*Exercise brief:*
Below are records to retype exactly, except for the pictures.

*Data shown:*
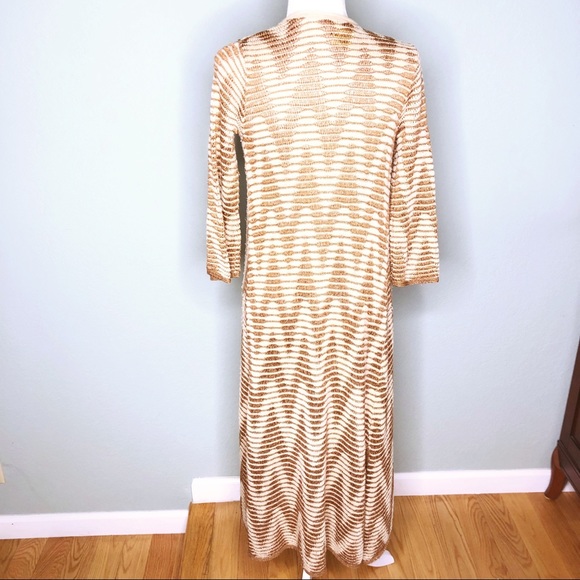 Calypso St. Barth Cream Gold long open cardigan - Picture 2 of 8
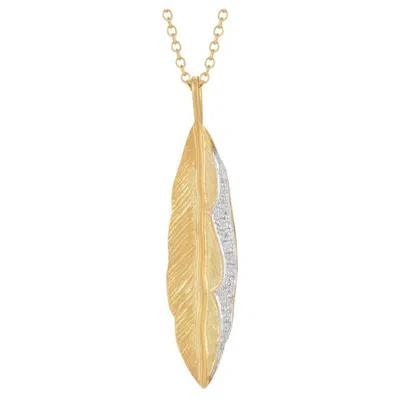 Pre-owned I. Reiss Hand-crafted 14k Yellow Gold Feather Pendant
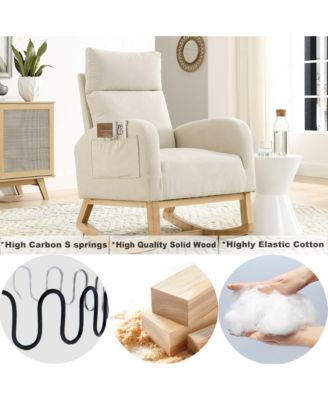 27.6" W Modern Accent High Backrest Living Room Lounge Arm Rocking Chair, Two Side Pocket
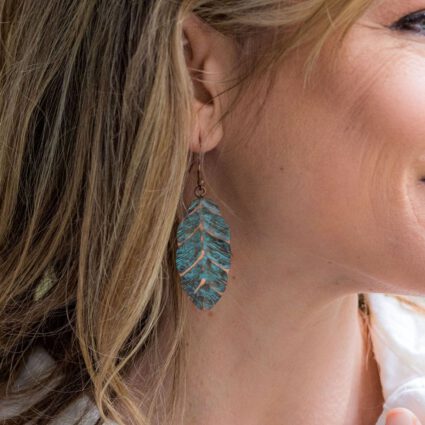 Copper Patina Earrings - Teal Leaf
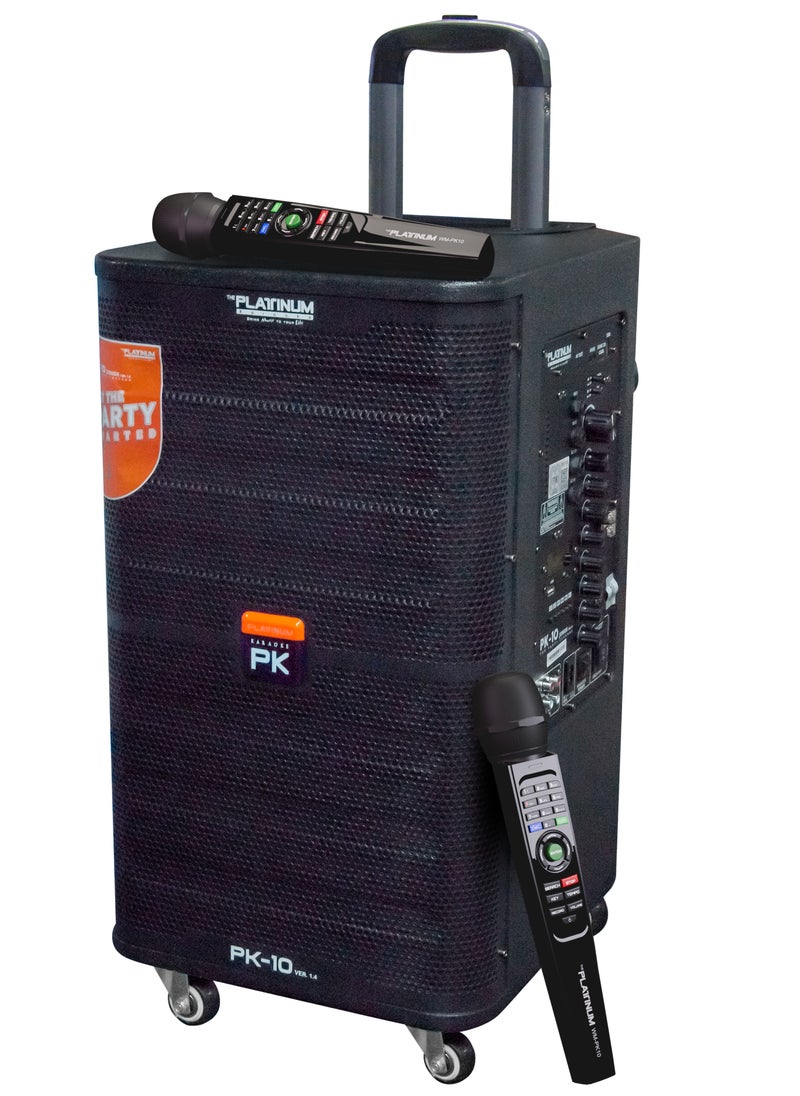 Platinum Karaoke - PLATINUM PK10 KARAOKE TROLLY SPK & PARTY JUKEBOX PA SYSTEM WITH 2 W/L MIC HUGE SONG LIBRARY 23K + MIXED LANGUAGE INDIAN ENGLISH &FILIPINO KARAOKE SONGS BUILT-IN & RECHARGEABLE 5/6 HOURS BATTERY BACKUP - Image 1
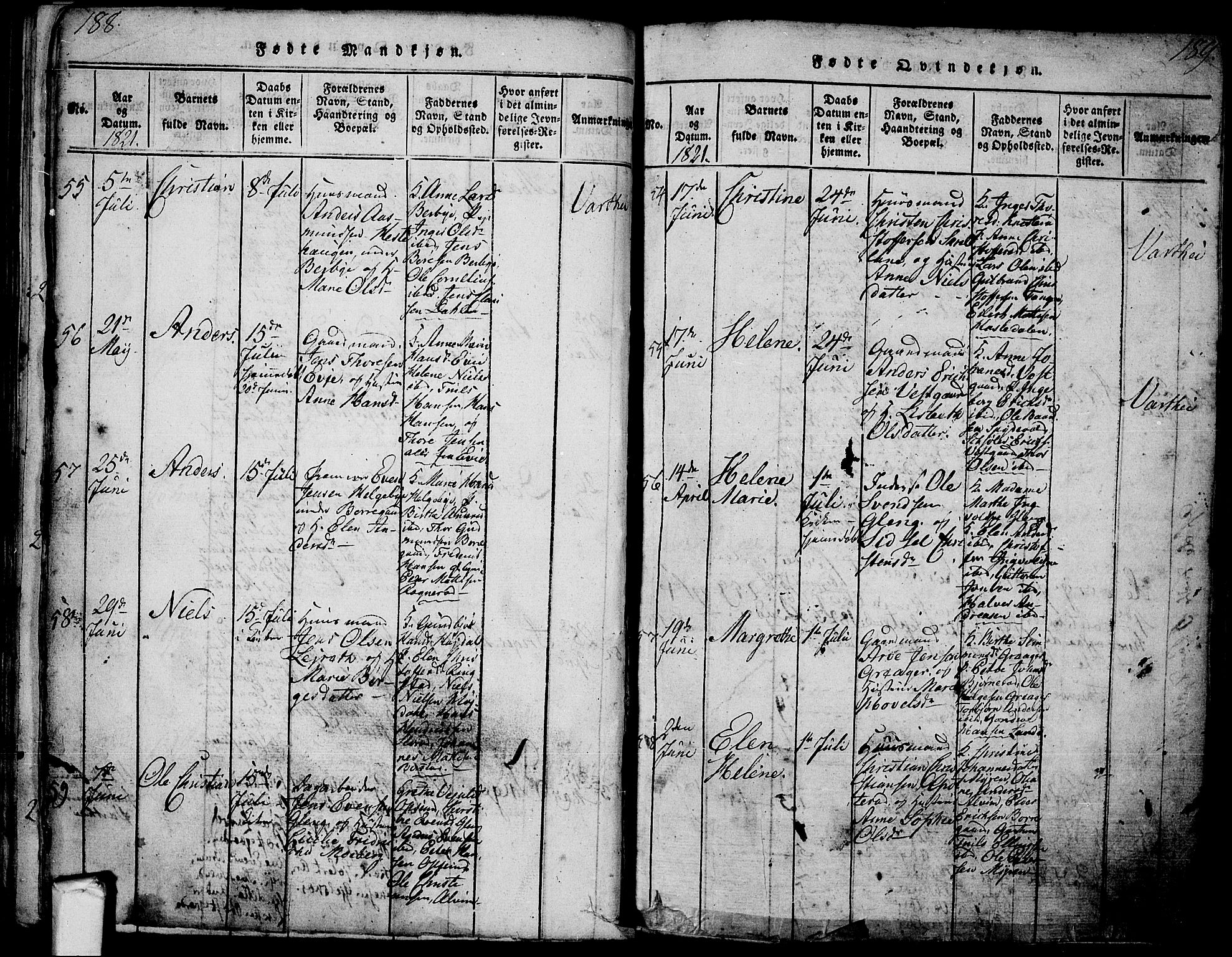 Tune prestekontor Kirkebøker, SAO/A-2007/F/Fa/L0005: Parish register (official) no. 5, 1815-1823, p. 188-189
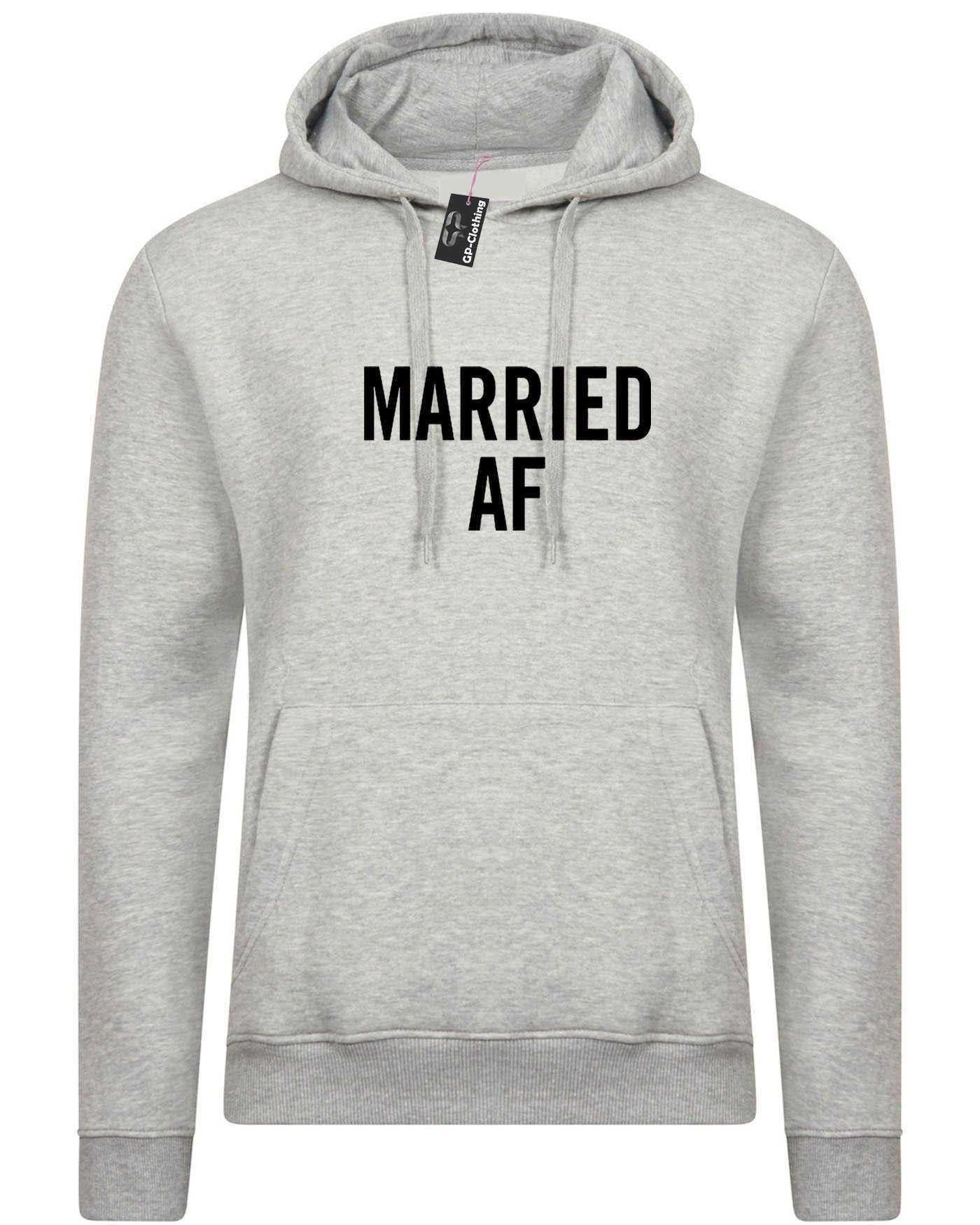 Married af sweatshirt jumper sweater shirt - wedding bride groom honeymoon gift unisex joke funny wedding gift for couple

*Exercise response:*
 Calypso St. Barth Cream Gold long open cardigan - Picture 2 of 8
 Pre-owned I. Reiss Hand-crafted 14k Yellow Gold Feather Pendant
 27.6" W Modern Accent High Backrest Living Room Lounge Arm Rocking Chair, Two Side Pocket
 Copper Patina Earrings - Teal Leaf
 Platinum Karaoke - PLATINUM PK10 KARAOKE TROLLY SPK & PARTY JUKEBOX PA SYSTEM WITH 2 W/L MIC HUGE SONG LIBRARY 23K + MIXED LANGUAGE INDIAN ENGLISH &FILIPINO KARAOKE SONGS BUILT-IN & RECHARGEABLE 5/6 HOURS BATTERY BACKUP - Image 1
 Tune prestekontor Kirkebøker, SAO/A-2007/F/Fa/L0005: Parish register (official) no. 5, 1815-1823, p. 188-189
 Married af sweatshirt jumper sweater shirt - wedding bride groom honeymoon gift unisex joke funny wedding gift for couple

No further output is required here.